**The data:**

Content starts

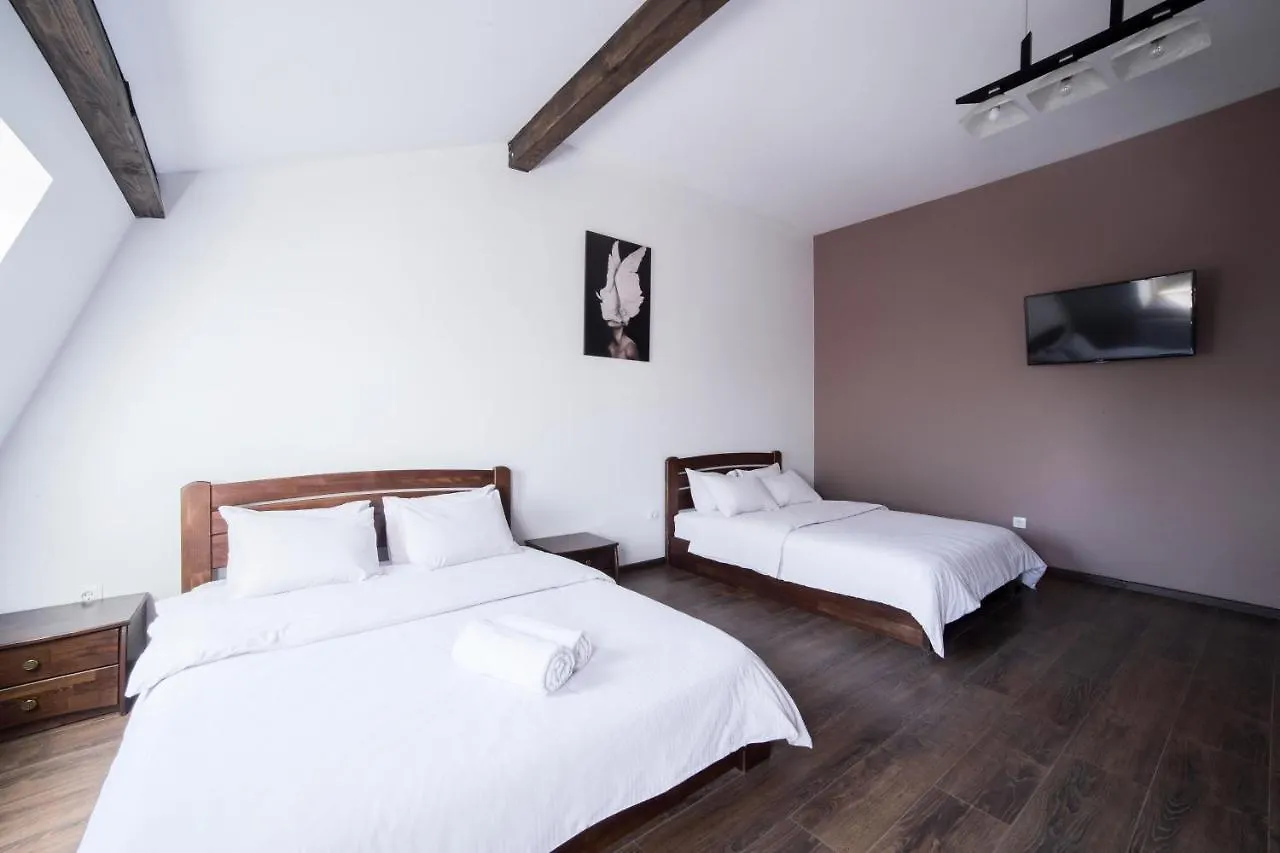 *** Ξενοδοχείο Aparthotel Na Mytniy Λβιβ Ουκρανία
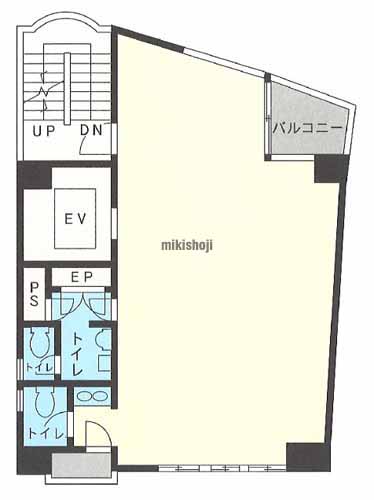 武居西新宿ビル 平面1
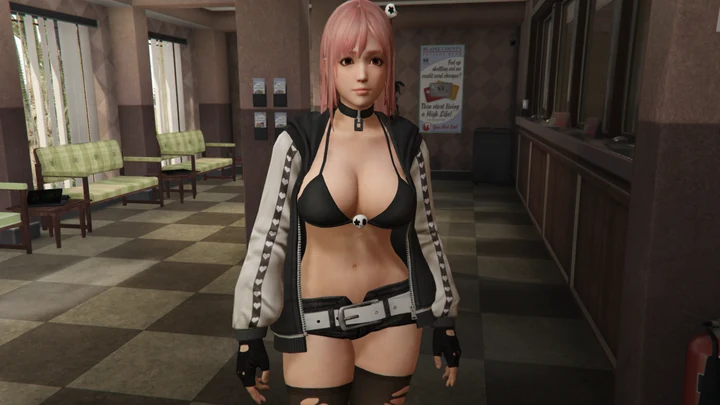 Повседневный костюм Хоноки Newcomer из DOA5LR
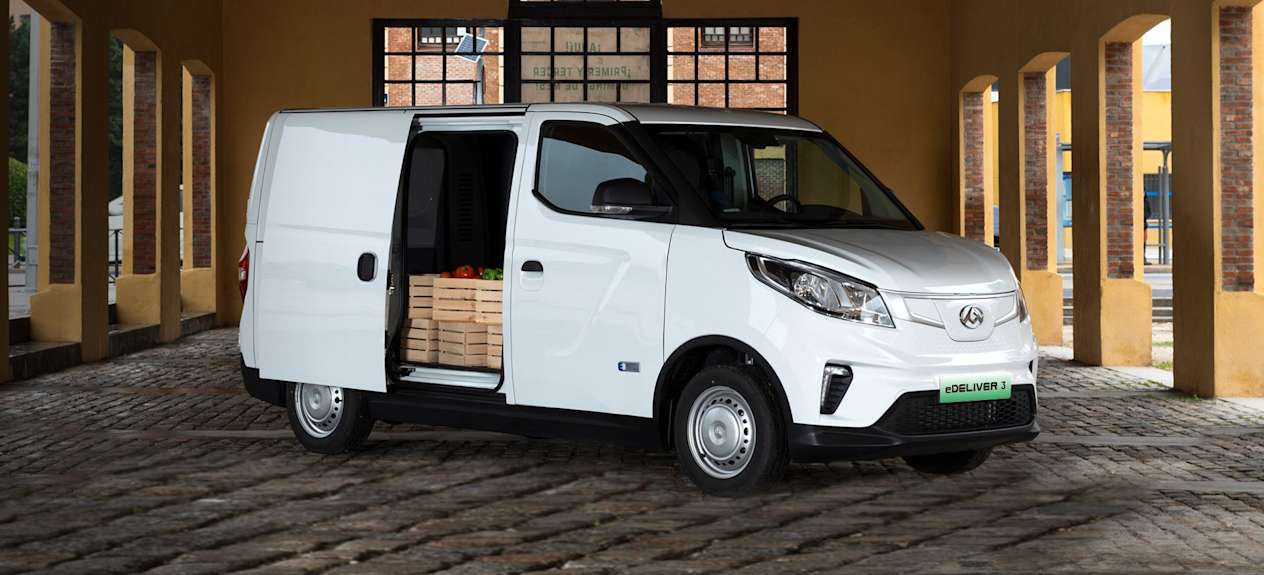Maxus eDELIVER 3 slide door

Content ends

**Work to be completed:** Only the lines from the line with "Повседневный костюм Хоноки" to the bottom of the material above should be reproduced, exactly and without pictures.

**Exercise output:**
 Повседневный костюм Хоноки Newcomer из DOA5LR
Maxus eDELIVER 3 slide door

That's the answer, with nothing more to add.